Dobrze, że Jacek Jaśkowiak nie daje się wciągnąć w tę grę. My pamiętamy o tym, że Poznań to wspólnota różnych ludzi, o różnej wrażliwości, dlatego zarówno skrajna lewica, jak i prawica, dopóki odpowiadamy za miasto, nie będą układać swoich scenariuszy dla innych.
Mieszkańcy stolicy Wielkopolski nie lubią kiedy narzuca się im zarówno „apele smoleńskie”, jak i narusza wartości związane np. z powstaniem wielkopolskim. Poznań to głównie elektorat centrowy.
Wróćmy jeszcze do Pana. To nie jest przypadkiem tak, że Mariusz Wiśniewski został chłopcem do bicia i kozłem ofiarnym i najwygodniej w niego uderzać? Macieja Wudarskiego PdM nie skrytykuje, z wiadomych względów, Jacek Jaśkowiak też wywodzi się z ruchów miejskich, a Tomasz Lewandowski to człowiek lewicy.
Nie jestem chłopcem do bicia. Życie nauczyło mnie by być twardym - najpierw podwórko pod blokiem na Ratajach, później harcerstwo i sportowa przeszłość. Dla mnie ważne są oceny merytoryczne mojej pracy, a nie populistyczne zagrywki ludzi, którzy nigdy za nic nie byli odpowiedzialni.
Ta odpowiedzialność spada na Pana w zakresie rewitalizacji, społecznicy twierdzą, że przebiega ona zbyt ślamazarnie.
To nieprawdziwa ocena, dzieje się wręcz bardzo dużo. Tyle tylko, że niektórzy nie zdają sobie sprawy, że te działania muszą być kompleksowe i wymagają współpracy wielu podmiotów i środowisk. Przypomina mi się sytuacja jaka miała miejsce przy rewitalizacji ul. Taczaka.
Gdybyśmy mieli słuchać niektórych „speców”, to ulica zostałaby zamknięta i nie byłoby w ogóle miejsc parkingowych dla jej mieszkańców i przedsiębiorców.
To miejsce by po prostu umarło. A dziś rozkwita.
Jak Pan reaguje na hasło „czas rozliczyć Mariusza Wiśniewskiego”?
Zapraszam serdecznie (śmiech).
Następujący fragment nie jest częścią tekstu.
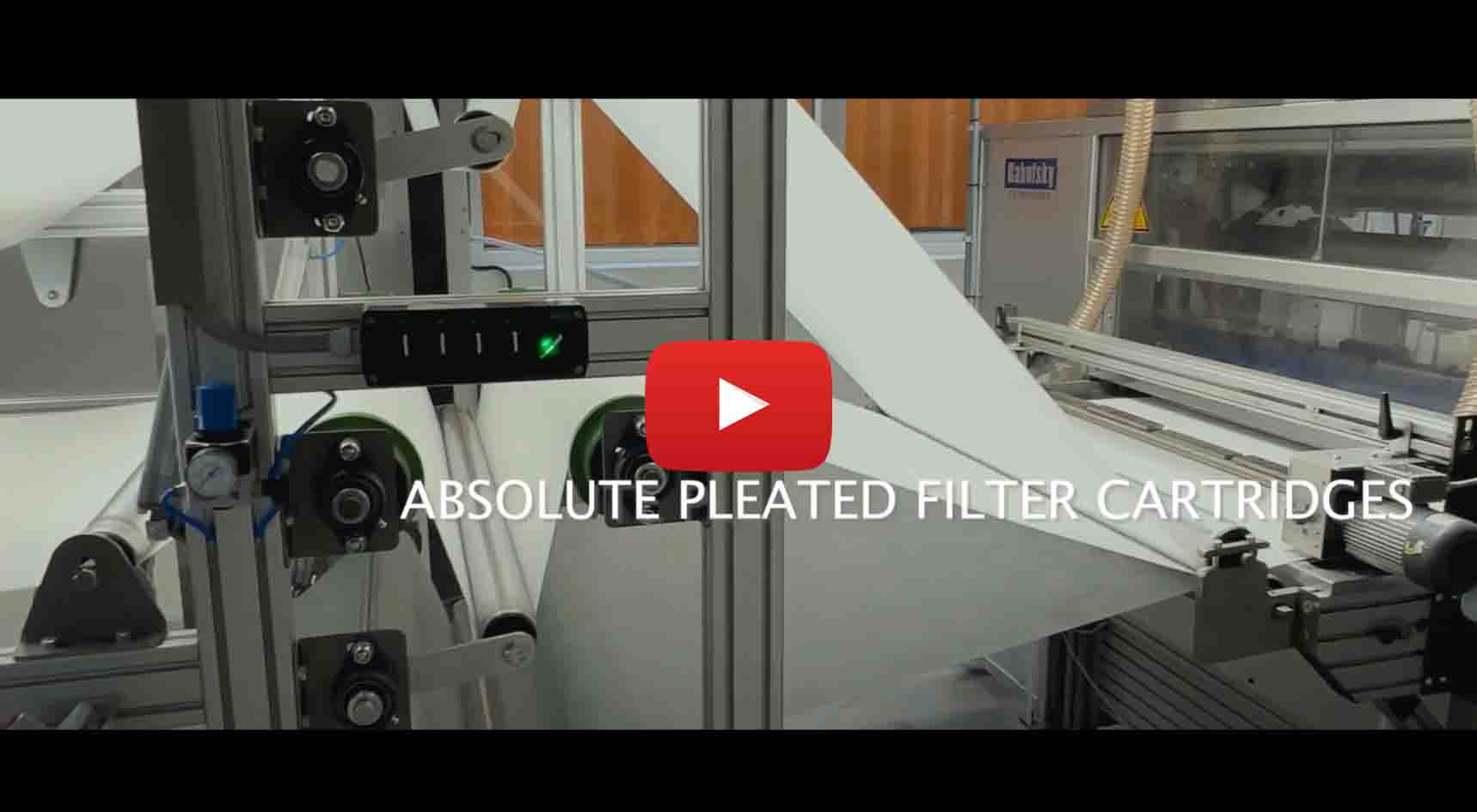 Dutch Filtration Corporate Movie 2024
Szef klubu radnych PO Marek Sternalski zaproponował nawet niektórym takim krytykantom, mocnym jedynie internecie, debatę na temat tego co kto zrobił w rzeczywistości dla miasta, ale jakoś jeden z nich nie podjął tematu. Chętnie porozmawiam o rewitalizacji Warty, co stało się faktem, ratowaniu zabytków, skutecznym pozyskaniu środków na Muzeum Enigmy i wielu innych inwestycjach, choćby w oświacie.
Umówmy się, ja trzykrotnie pozytywnie przechodziłem weryfikację podczas wyborów samorządowych, podczas gdy część owych „hejterów” z internetu niekoniecznie.
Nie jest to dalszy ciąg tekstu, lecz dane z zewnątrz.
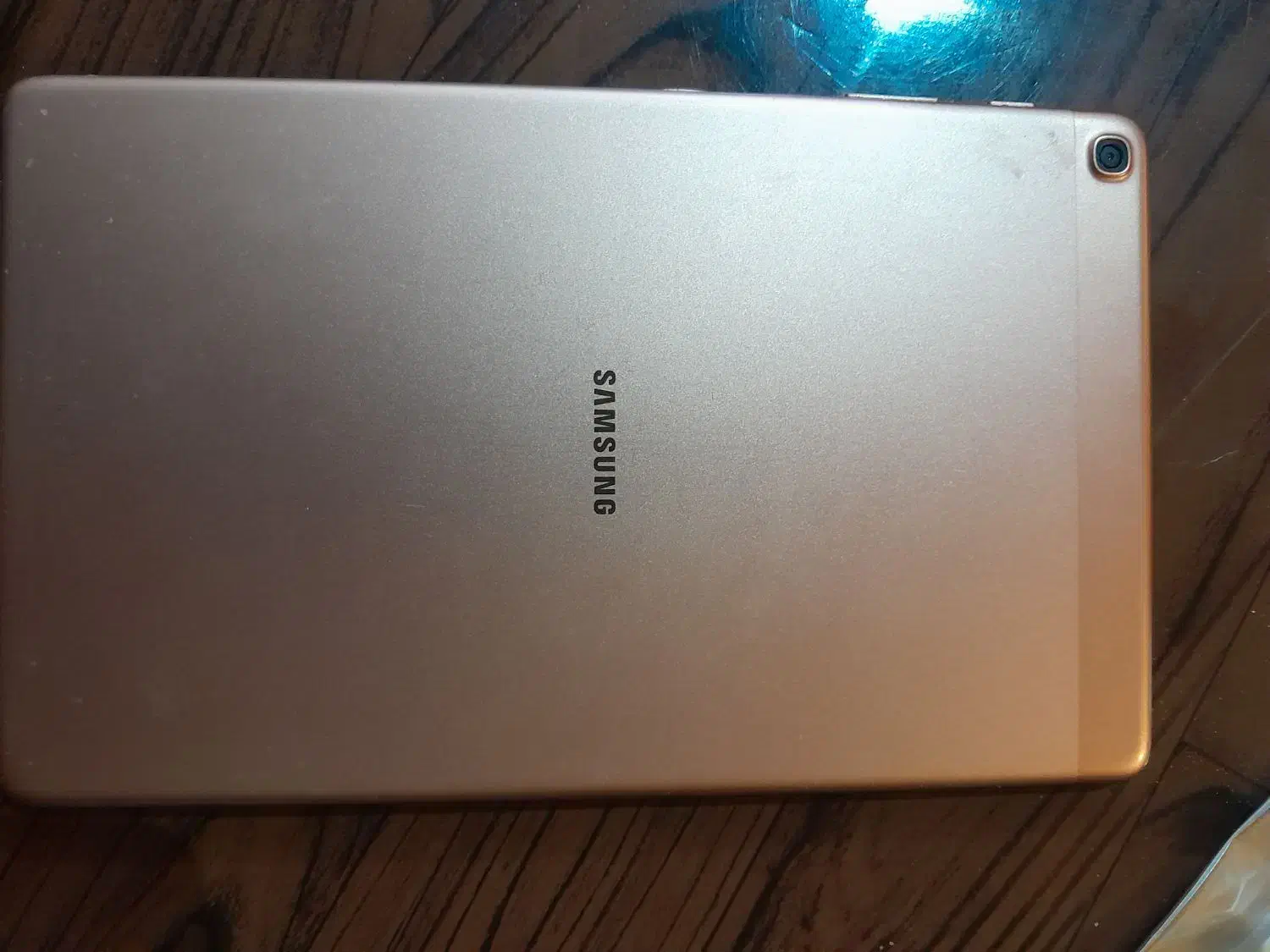 تبلت A سیم کارت خور|تبلت|اصفهان, همدانیان|دیوار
Normalni ludzie oceniają mnie za codzienną pracę, a nie ideologiczne fajerwerki.
Lider, o którym Pan mówi to Lech Mergler. Na Facebooku stwierdził on, że Platformie potrzebna jest grupa wsparcia.
To są złośliwostki. Przykro mi, że pan Lech, którego lubię, traci czas na takie dysputy. Sugeruję mu, jego koleżankom i kolegom, by wspierali Macieja Wudarskiego, bo ma niełatwą działkę.
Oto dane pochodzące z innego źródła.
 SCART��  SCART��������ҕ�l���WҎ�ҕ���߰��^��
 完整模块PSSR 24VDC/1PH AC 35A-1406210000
Muszą oni pamiętać, że wraz z nim przejęli odpowiedzialność za miasto w zakresie transportu, dróg, gospodarki przestrzennej czy ochrony środowiska, dlatego swoją energię powinni koncentrować właśnie na tym.
Wiceprezydent Wudarski, Andrzej Białas czy Tomasz Wierzbicki to doskonale rozumieją, choć pamiętam czasy, kiedy z Maciejem, wtedy społecznikiem, różniliśmy się na temat odbudowy estakady katowickiej. On był sceptyczny, ja natomiast stałem na stanowisku, że to konieczna inwestycja, ale kiedy został zastępcą prezydenta zmienił nieco zdanie. Inaczej patrzy się na wiele spraw z perspektywy zewnętrznego komentatora, a inaczej, kiedy patrzy się na interes społeczny ogółu.